--- TASK REQUIREMENTS ---
Required from the data below: the exact lines starting at the line containing "POEDAGAR Luxury Sports" and ending at the line containing "美品★(伊)タニノクリスチー SIZE 7【定価15万円以上★コインローファー/薄茶】カーフ/メンズ/TANINO", with both ends kept and all pictures dropped.
*** SUPPLIED MATERIAL Section Begins ***
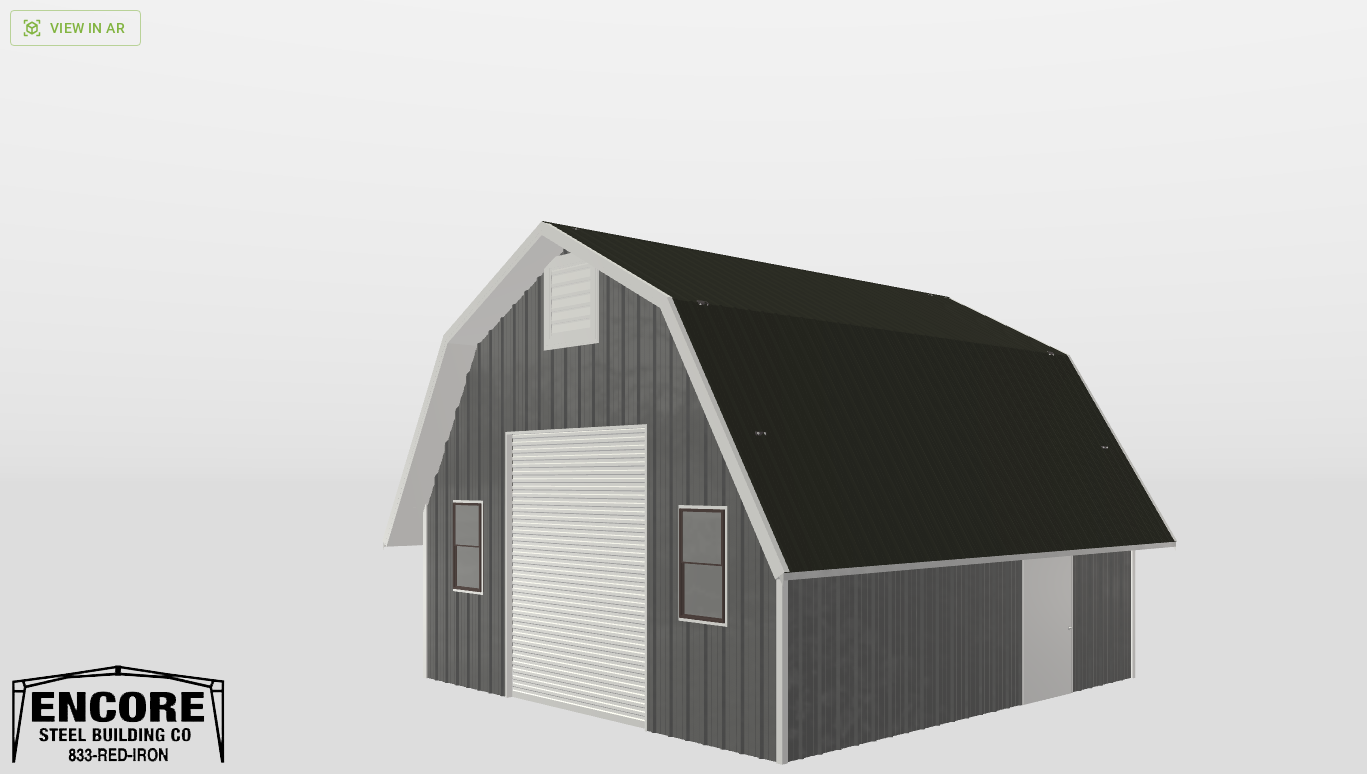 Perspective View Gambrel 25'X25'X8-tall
*** SUPPLIED MATERIAL Section Ends ***
*** SUPPLIED MATERIAL Section Begins ***
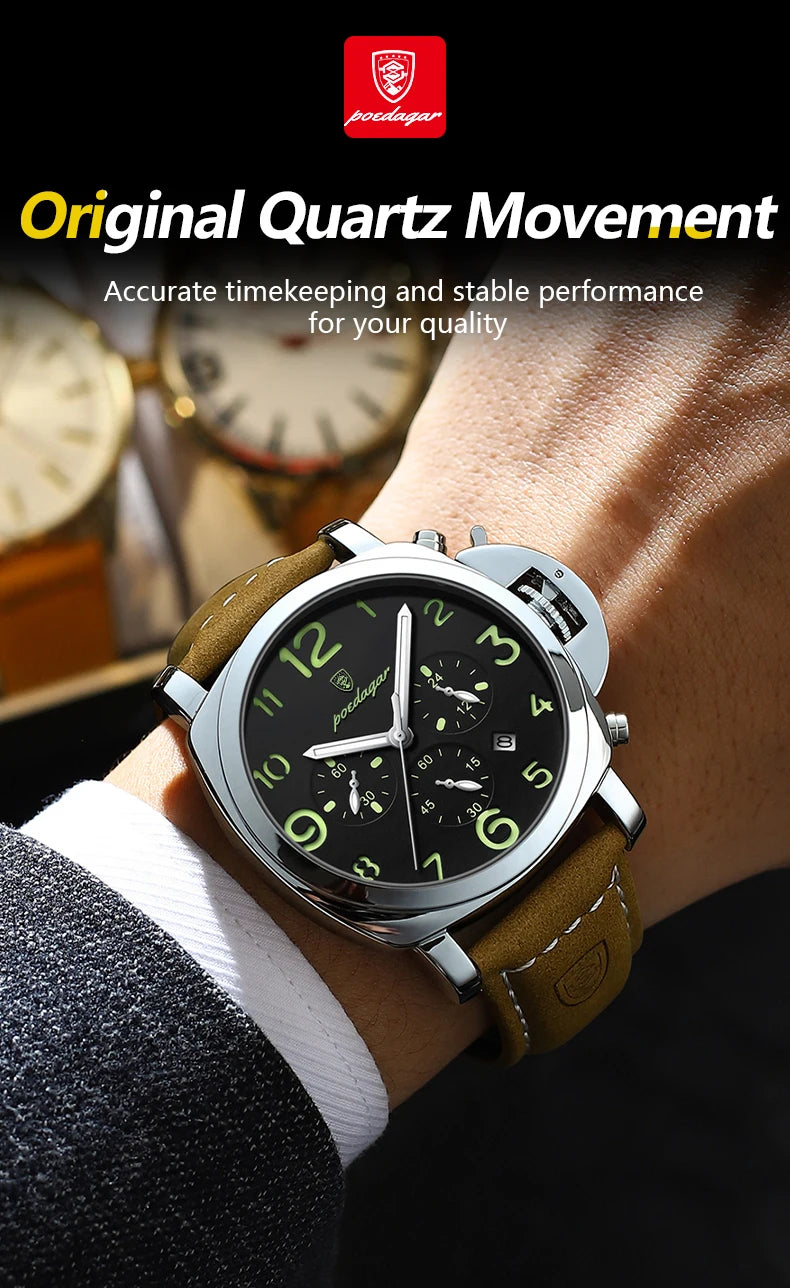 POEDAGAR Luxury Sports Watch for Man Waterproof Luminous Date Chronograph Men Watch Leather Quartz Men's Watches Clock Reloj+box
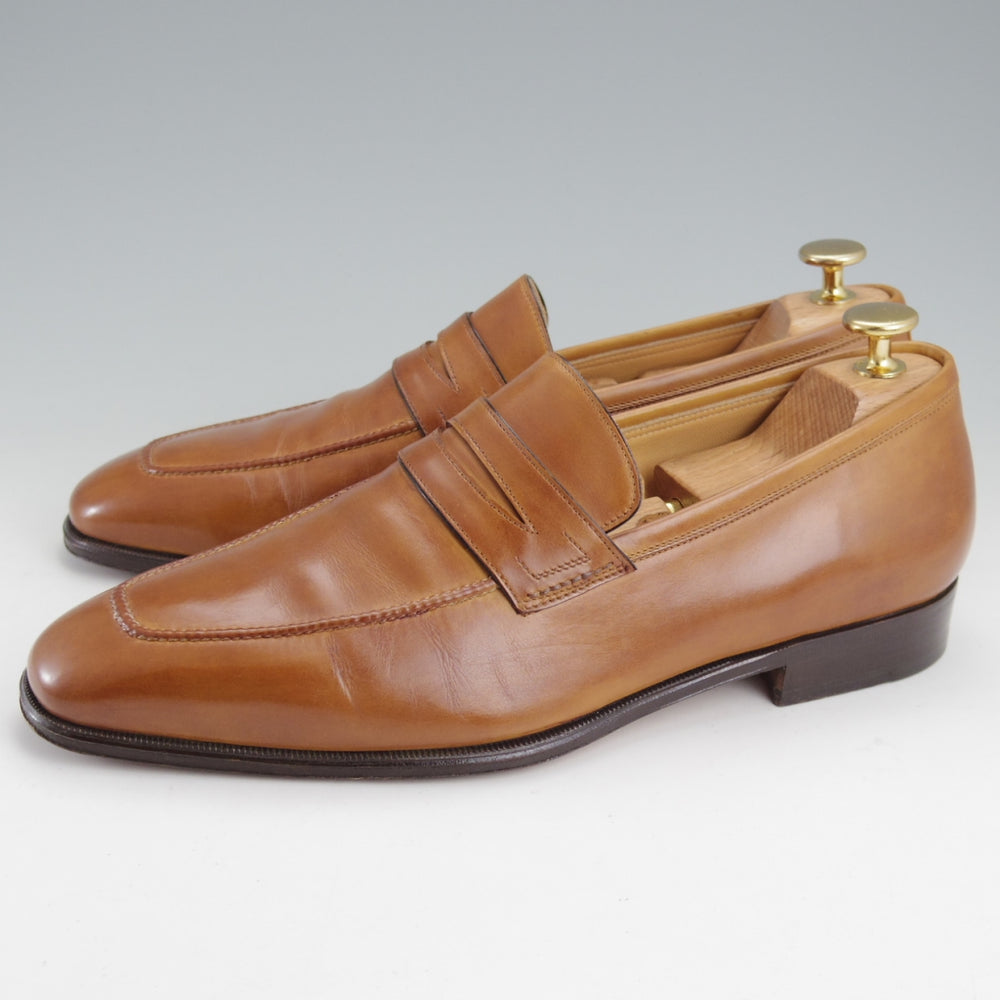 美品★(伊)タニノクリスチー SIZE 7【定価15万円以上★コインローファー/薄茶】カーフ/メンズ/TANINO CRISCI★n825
*** SUPPLIED MATERIAL Section Ends ***
--- YOUR SOLUTION ---
 POEDAGAR Luxury Sports Watch for Man Waterproof Luminous Date Chronograph Men Watch Leather Quartz Men's Watches Clock Reloj+box
 美品★(伊)タニノクリスチー SIZE 7【定価15万円以上★コインローファー/薄茶】カーフ/メンズ/TANINO CRISCI★n825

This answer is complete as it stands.